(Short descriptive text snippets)
------------------------
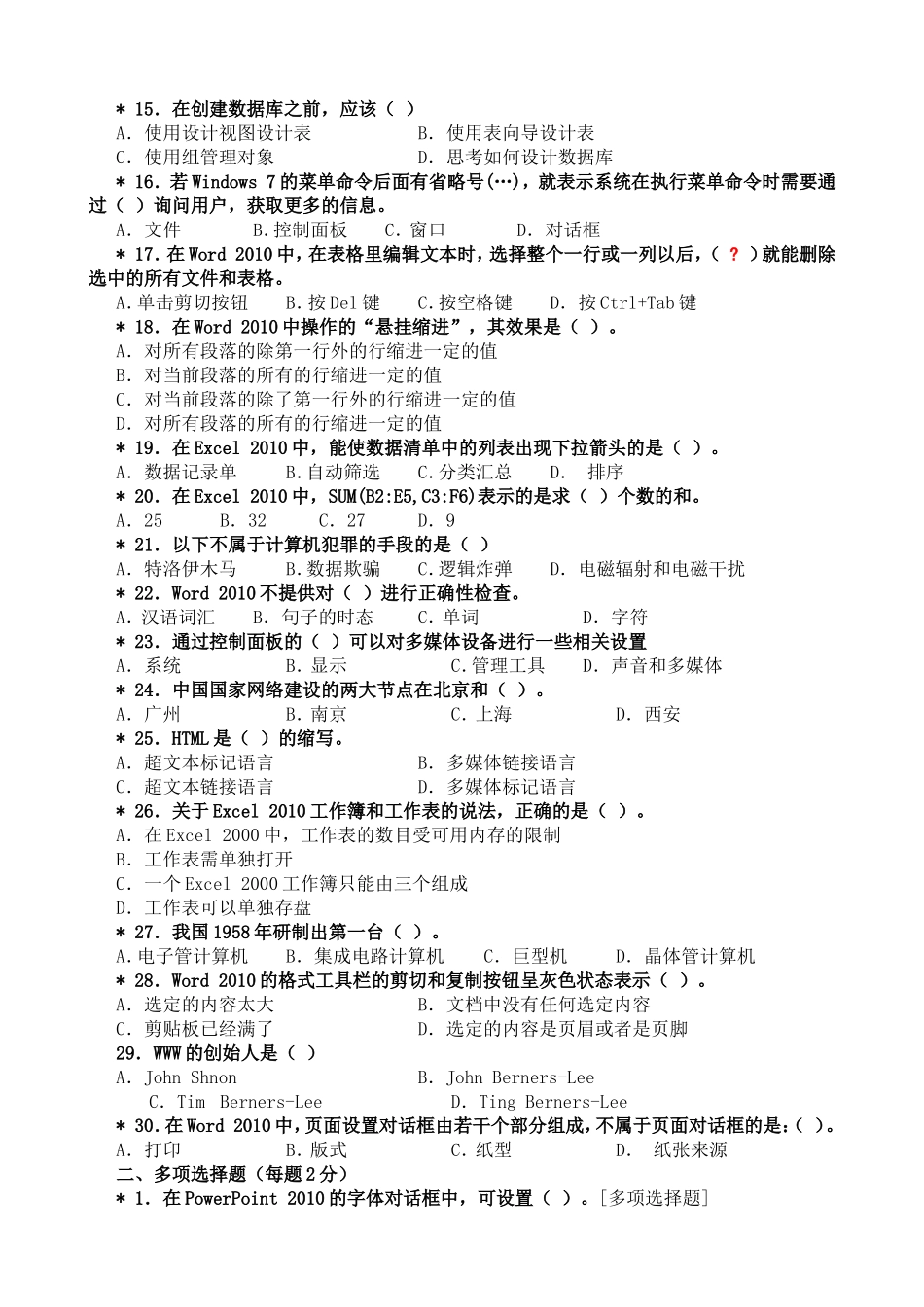 《计算机文化基础》模拟考试题.doc_第2页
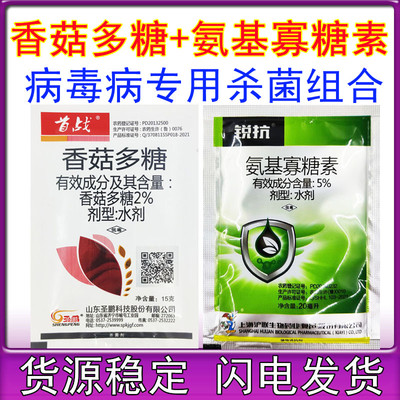 病毒病套餐农药香菇多糖氨基寡糖素组合病毒病专用杀菌剂
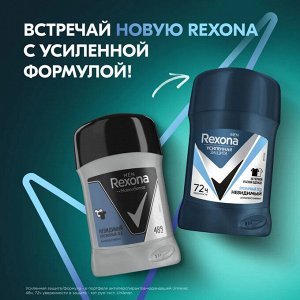 Рексона Дезодорант мужской стик Невидимый прозрачный лёд Rexona 50 мл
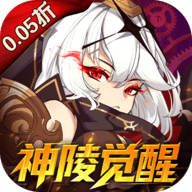 神陵武装 1.1.1 最新版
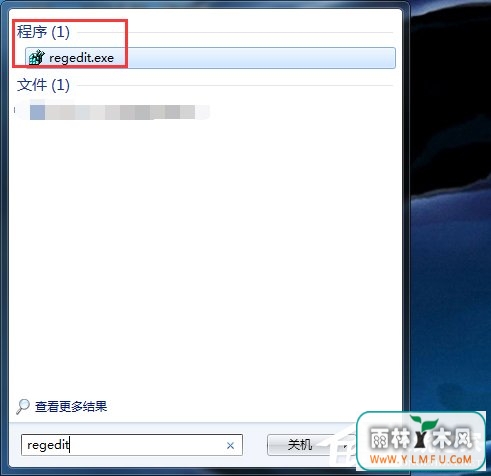 Win7ϵͳŻϵͳŻķͲ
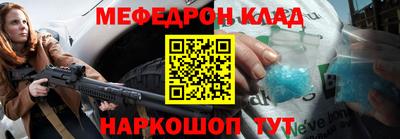 спайс Татарск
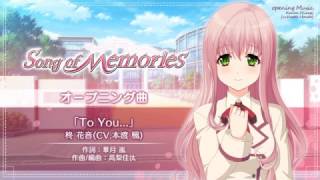 Song of Memories　楽曲公開No.1「To You...」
------------------------
> Task item
Every line from the one containing "神陵武装 1.1.1 最新版" through the end of the entries above, both included, should be extracted exactly, with pictures left out.

> Expected answer
 神陵武装 1.1.1 最新版
 Win7ϵͳŻϵͳŻķͲ
 спайс Татарск
 Song of Memories　楽曲公開No.1「To You...」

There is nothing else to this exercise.